I am a parent of a 5 year old boy. I wanted to ask the advice of the panel in regards to "tattling". My son's school has taught him that he is not supposed to tattle that "there is a difference between tattling and telling". My son has been through some bad experiences (having snacks taken away by other students, being excluded, and now had a child pee on his shoe). My son continues hold this belief that he should not tattle because he will get people in trouble and will then not have any friends. I am concerned that this has opened the door to my son being bullied.
My question is, should children his age be taught the "difference between tattling and telling?" And is there truly a difference at this age?
Thank You for your time,
We recently had a parent pose this question through our Contact Us form. One of our experts, education consultant and social-emotional development guru Jennifer Miller shares her thoughts.
First of all, your child is right on schedule developmentally. Tattling is a hallmark of the preschool and kindergarten age child attempting to develop self-regulation. Though the adult caregiver or teacher understandably does not want to be approached with every problem that arises in a classroom, the child is expressing his developmental need to understand and uphold the rules. This process takes time and lots of practice exercising his burgeoning self-control skills. Children first learn about the rules by enforcing them in others. Only then can they internalize and apply those rules to themselves. So take this experience as evidence that your child is working hard on learning the rules of school, a critical readiness factor for the elementary years.
As a parent, you want to act as a true partner to your child’s school by showing your support of their rules and routines. I would suggest beginning to teach your child that there are different rules in different settings. Rules at home may not be the same as the rules at school, but each are important in order to get along in those environments.
At home, you can:
Understand the role of tattling in development.
Realize that your son will not likely be “tattling” in eighth grade. This is part of his development and will not last beyond his current stage.
Clearly articulate and review the rules at home.
Because he is working hard on understanding what the expectations are of him and others his age, you can advance his learning by engaging in talk and play around rules. Pretend play encouraging him to lead the teaching of stuffed friends or action figures in following rules. Let him know when it’s important for him to tell you when he’s been hurt. For young children, they need to know that an adult will keep them safe if they feel in danger, physically or emotionally. And for each child, those perceptions of danger will vary.
Reinforce his learning, reflect his feelings back and then, redirect.
Each time he comes to you about a playmate’s misbehavior, you might offer “I am glad to see you understand the rule about taking turns with toys. It looks like your friend, Ben, is still working on learning that rule. But I see you are frustrated. What could you do when you go back to him so that you both get to play?” In that statement, you will not only acknowledge what he is feeling and working on learning, but also help him empathize with his friend who is also learning and redirect him to think about alternatives to reengage with the friend and solve his own problem.

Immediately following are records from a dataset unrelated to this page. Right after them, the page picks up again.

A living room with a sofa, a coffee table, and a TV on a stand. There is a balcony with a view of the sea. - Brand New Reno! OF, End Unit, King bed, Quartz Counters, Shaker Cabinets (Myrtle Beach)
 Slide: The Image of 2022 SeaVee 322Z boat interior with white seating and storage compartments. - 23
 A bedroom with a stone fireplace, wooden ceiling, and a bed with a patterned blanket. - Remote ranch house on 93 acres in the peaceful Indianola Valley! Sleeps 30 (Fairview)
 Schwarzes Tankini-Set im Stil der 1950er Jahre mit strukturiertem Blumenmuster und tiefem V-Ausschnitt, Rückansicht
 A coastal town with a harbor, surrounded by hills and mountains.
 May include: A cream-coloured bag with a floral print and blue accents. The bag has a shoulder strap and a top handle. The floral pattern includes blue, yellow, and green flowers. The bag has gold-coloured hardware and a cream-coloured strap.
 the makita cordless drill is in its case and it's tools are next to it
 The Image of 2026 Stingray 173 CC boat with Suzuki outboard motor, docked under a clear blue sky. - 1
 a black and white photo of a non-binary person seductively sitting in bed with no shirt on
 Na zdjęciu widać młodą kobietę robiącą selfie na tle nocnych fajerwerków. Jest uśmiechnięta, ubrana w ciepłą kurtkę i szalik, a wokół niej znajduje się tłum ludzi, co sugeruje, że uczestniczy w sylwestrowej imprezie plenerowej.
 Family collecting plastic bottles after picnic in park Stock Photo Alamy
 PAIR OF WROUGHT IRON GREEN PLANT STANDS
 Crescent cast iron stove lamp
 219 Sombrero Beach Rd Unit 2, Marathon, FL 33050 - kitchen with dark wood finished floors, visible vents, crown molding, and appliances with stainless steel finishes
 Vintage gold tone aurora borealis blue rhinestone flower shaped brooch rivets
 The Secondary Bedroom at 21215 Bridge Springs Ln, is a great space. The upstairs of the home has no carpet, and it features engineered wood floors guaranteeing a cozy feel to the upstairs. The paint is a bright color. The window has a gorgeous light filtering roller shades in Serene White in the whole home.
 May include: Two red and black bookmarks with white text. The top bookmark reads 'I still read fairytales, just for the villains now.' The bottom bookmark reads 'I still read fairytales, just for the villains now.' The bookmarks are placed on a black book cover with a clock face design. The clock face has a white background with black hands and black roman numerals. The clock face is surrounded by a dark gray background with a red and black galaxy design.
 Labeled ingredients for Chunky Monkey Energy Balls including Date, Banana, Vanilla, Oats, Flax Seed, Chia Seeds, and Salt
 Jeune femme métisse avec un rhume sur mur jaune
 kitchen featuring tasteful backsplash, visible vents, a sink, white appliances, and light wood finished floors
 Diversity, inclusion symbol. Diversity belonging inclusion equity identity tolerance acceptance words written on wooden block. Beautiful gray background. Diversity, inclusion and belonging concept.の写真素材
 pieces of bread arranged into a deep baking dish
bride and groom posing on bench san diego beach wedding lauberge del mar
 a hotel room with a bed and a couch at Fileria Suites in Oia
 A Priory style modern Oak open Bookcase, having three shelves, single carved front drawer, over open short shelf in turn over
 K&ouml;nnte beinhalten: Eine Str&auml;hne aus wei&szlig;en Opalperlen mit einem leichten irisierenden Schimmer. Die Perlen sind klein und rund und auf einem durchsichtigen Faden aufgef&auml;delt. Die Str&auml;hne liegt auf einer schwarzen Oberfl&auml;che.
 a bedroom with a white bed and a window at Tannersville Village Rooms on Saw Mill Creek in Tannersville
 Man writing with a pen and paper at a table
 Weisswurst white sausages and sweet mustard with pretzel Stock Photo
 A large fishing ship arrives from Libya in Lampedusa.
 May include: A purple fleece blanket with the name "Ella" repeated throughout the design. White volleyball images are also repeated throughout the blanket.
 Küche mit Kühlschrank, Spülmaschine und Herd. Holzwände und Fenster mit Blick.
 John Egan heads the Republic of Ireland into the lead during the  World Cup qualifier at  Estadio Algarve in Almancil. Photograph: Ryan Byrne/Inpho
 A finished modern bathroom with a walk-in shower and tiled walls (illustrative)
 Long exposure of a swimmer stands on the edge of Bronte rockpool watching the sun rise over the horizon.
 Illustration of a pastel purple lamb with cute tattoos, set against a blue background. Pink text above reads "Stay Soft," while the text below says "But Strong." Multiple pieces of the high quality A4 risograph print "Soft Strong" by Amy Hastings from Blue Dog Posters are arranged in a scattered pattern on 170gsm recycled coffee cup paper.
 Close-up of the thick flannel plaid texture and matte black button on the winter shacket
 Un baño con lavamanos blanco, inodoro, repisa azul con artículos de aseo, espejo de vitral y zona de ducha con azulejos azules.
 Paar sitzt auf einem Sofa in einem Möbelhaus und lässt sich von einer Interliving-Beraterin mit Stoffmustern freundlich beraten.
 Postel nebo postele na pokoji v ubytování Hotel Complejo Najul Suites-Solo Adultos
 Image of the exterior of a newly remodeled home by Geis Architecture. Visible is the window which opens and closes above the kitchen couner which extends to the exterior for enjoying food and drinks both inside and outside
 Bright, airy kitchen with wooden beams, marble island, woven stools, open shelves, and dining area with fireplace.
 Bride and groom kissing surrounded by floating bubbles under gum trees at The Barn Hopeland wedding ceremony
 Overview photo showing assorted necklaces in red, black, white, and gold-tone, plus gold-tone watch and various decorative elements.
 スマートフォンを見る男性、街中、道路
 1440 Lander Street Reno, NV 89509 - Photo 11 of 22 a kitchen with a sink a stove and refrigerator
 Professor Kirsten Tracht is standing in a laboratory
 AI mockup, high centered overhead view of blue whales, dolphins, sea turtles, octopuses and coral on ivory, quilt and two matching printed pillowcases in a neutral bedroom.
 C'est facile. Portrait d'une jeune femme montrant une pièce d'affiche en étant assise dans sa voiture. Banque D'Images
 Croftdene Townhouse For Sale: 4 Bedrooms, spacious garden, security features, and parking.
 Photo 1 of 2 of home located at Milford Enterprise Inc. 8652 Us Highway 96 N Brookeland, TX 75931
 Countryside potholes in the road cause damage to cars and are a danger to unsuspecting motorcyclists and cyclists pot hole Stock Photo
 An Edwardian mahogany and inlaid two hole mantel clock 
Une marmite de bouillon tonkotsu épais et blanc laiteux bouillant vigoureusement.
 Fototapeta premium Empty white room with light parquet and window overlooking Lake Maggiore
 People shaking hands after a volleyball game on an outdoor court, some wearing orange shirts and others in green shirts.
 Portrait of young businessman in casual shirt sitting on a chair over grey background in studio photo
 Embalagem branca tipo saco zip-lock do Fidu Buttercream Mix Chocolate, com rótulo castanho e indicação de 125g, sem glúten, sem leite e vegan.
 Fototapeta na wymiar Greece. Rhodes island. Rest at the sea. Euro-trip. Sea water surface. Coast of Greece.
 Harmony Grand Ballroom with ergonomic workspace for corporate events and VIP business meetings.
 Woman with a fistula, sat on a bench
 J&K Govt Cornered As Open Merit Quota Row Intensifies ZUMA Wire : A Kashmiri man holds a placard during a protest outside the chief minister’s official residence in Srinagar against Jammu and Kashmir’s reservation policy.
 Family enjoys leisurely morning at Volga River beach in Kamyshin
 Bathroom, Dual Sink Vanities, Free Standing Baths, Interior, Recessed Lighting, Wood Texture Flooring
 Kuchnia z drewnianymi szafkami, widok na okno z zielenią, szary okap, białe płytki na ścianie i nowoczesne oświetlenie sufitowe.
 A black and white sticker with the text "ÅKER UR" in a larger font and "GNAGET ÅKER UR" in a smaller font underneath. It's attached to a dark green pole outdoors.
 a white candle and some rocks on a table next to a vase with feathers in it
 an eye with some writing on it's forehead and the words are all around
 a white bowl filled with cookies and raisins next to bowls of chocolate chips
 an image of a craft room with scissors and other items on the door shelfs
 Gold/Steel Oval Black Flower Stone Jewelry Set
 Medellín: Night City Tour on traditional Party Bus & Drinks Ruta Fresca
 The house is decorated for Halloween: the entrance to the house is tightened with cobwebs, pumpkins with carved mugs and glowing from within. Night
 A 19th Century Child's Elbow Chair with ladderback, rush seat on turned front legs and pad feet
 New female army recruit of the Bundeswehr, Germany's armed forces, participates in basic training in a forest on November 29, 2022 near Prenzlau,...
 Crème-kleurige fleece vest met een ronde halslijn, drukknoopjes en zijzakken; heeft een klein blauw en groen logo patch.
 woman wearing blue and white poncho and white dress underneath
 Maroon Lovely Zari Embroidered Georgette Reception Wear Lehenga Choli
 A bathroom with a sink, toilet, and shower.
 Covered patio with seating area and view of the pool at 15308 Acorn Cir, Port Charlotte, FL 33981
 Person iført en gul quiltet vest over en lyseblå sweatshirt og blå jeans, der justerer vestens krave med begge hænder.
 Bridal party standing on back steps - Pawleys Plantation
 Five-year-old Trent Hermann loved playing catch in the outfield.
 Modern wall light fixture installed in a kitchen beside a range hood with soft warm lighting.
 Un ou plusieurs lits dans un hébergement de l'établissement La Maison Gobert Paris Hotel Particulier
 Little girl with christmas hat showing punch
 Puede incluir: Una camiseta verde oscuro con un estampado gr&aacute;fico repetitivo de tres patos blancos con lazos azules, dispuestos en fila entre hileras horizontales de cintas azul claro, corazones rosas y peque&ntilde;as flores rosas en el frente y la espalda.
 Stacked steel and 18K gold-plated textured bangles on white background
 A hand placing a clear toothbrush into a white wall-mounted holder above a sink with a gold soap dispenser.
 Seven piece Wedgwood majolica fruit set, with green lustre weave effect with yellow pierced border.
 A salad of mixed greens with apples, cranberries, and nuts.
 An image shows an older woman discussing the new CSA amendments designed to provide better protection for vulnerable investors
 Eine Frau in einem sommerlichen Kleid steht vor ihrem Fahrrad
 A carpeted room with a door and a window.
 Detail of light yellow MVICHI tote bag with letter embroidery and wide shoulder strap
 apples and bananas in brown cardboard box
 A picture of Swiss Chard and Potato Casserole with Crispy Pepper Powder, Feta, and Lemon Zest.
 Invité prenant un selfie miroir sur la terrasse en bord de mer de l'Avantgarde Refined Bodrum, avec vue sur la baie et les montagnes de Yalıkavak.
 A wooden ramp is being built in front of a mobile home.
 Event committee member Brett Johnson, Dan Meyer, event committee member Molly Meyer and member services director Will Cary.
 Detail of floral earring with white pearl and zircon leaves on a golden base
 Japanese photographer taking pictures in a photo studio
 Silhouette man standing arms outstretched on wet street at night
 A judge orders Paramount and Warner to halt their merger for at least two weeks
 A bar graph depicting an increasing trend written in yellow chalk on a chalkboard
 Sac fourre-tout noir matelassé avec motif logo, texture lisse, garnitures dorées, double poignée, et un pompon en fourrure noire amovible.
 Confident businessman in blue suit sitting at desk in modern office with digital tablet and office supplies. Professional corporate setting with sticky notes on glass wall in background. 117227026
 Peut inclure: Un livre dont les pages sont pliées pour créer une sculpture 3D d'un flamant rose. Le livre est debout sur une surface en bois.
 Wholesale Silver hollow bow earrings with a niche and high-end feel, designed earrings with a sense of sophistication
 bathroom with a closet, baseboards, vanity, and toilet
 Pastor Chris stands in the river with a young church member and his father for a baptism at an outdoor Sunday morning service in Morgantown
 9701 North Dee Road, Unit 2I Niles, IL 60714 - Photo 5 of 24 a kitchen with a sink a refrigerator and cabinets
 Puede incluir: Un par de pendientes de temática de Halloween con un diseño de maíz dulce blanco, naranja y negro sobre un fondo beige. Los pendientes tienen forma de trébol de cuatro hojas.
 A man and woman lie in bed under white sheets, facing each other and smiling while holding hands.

Because the rules at school are clearly defined, “telling not tattling," I would tend to seek clarification knowing that the teacher has my son’s best interests in mind. Use that as a way to introduce the topic of concern with your child’s teacher in a way that demonstrates your partnership. “I want to be sure I am supportive of your rules with my son. I was unclear about the tattle telling rule and also had concerns about his safety. Can you help me understand it and what you would ideally like him to do instead?” Share one of your examples of him being excluded or hurt by a classmate with the teacher so that she understands what you mean by ensuring his safety. That should help you better understand where she draws the line of telling versus managing the problem on his own.
Avoid contesting the teacher’s rules. There are many reasons (and experiences too) that lead to those rules a parent can’t possibly know. Approach it constructively as you might with a spouse, partner, or fellow in-home caregiver. Begin with words of support and then, request that she offer you a single or several possible alternatives to teach him instead when another child mistreats him, then practice and reinforce those behaviors at home.
If you are aware of specific challenges he has with peers, role play out simple responses or ways he can redirect his play in the moment to help him be prepared with his own strategies for school. Keep them short. Play act them and make it fun! This will help him remember the practice at school. You might say, “Stop. You know that’s wrong.” Then, practice walking away and finding a different toy in a difference part of the room. Young children need lots of practice so repeat a number of times. You may find he repeats it in play on his own. With this preparation, he may just feel more confident in responding to his peers in the moment of conflict at school.
If you do so, you’ll equip him with the critical practice he requires to exercise self-control in school, a key differentiator of a successful student, while maintaining your trusting relationship with his teacher. Now that’s a win-win for all!